Adriano, personagem de Youcernar lembra-nos que: “Um homem que lê, pensa ou calcula, pertence a espécie e não ao sexo; nos seus melhores momentos ele escapa, inclusive, ao humano” (Marguerite Yourcenar, Memórias de Adriano, 70).
Para circunstâncias como a nacional, em O Leitor Criativo, Gabriel Perisse ensina: “... Uma sociedade que deseja recompor-se precisa construir uma linguagem nova em folha, própria dos que redescobrem a pureza do sexo, a ousadia da gratidão, a aventura da gratidão, as exigências do trabalho, a verdadeira função do lucro, o papel da universidade etc... Uma pessoa que deseja expressar-se com mais criatividade e bom senso deve seguir o conselho de Clarice Lispector que, escritora e dona de casa, segredou certa vez: “Todos os dias, quando acordo, vou correndo tirar poeira da palavra amor”. (Gabriel Perisse, O Leitor Criativo, Ômega Editora, São Paulo, 2001, 10, 15-16).
A leitura exige um esforço de conquista, pois “todo livro é como uma fortaleza que não pode ser conquistada por fora.
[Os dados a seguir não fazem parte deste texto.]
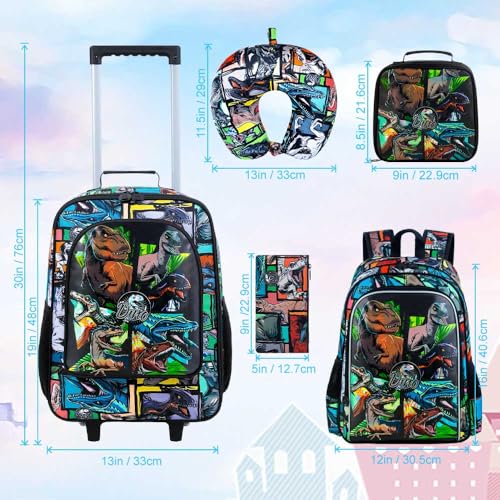 Kids Luggage for Boys and Girls, Cute Dinosaur Unicorn Rolling Wheels Suitcase for Toddler Children3
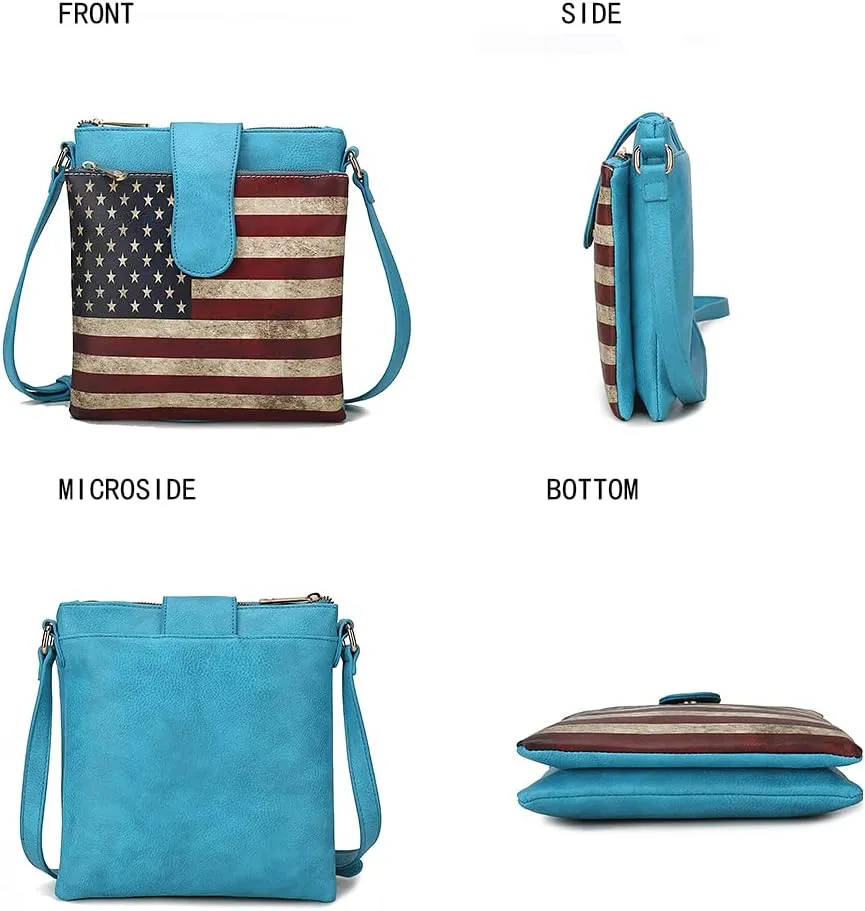 MKF Collection Patriotic Crossbody Bag for Women, American Flag Vegan Leather Usa Shoulder Bag Purse By Mia K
Do contrário, acharíamos ser suficiente a leitura que nos obrigam na escola.” (Boris Gunjevic, Todo Livro é como uma fortaleza: a carne foi feita verbo. In ZIZEK, Slavoj; GUNJEVIC, Boris. O sofrimento de Deus, Invenções do Apocalipse, p 109.) Assim: “Não se pode obter nada de uma leitura feita sob pressão. Se todo livro é uma fortaleza, eles precisam ser conquistados por dentro: é preciso haver o desejo de dominar o texto com uma intenção subjetiva. Somente esse tipo de leitura se torna uma luta de classes, e dizemos isso com uma pitada de anacronismo irônico. Daí a leitura ser primordialmente uma forma múltipla de comunicações e um locus de lutas ideológicas, como sempre foi dito por Roland Barthes... Ler numa época dominada pela “imagem” não é algo que se faz nas horas vagas, ou como privilégio de uma minoria dominante, mas antes como prática diária de resistência aos sistemas interligados de poder e controle. É por esse motivo que estratégias de leitura se tornaram categoria fundamental das estratégias políticas...”
Neste sentido, Paulo Freire lembra que “a compreensão de um texto não é algo que se recebe de presente. Exige trabalho paciente de quem por ele se sente problematizado” (Paulo Freire, Considerações em torno do ato de estudar, em Ação Cultural para a liberdade e outros escritos, p. 14).
Rodner Lúcio explica que “o sentido de um texto não está no texto, não está no autor do texto, está no leitor do texto, munido de seus filtros existenciais.” De tal modo, “é preciso considerar os modos como as pessoas leem o mundo, dão significado às suas práticas e relações, como se explicam e se situam nas teias de relações em que se inserem.” Nesta dinâmica, muitas vezes, “uma coisa é o que o autor escreve, outra coisa é o que o leitor apreende.” Daí que, “nem sempre a leitura “liberta”. A leitura também cega, reforça obscurantismos.” (Euripedes dos Santos).
Uma revolução não se faz sem livros: “Sem leitura promovemos muitas passeatas, mas nenhuma revolução” Rodner Lúcio. Mas uma leitura desencarnada, que não considere “a leitura de mundo do leitor”, apenas domestica.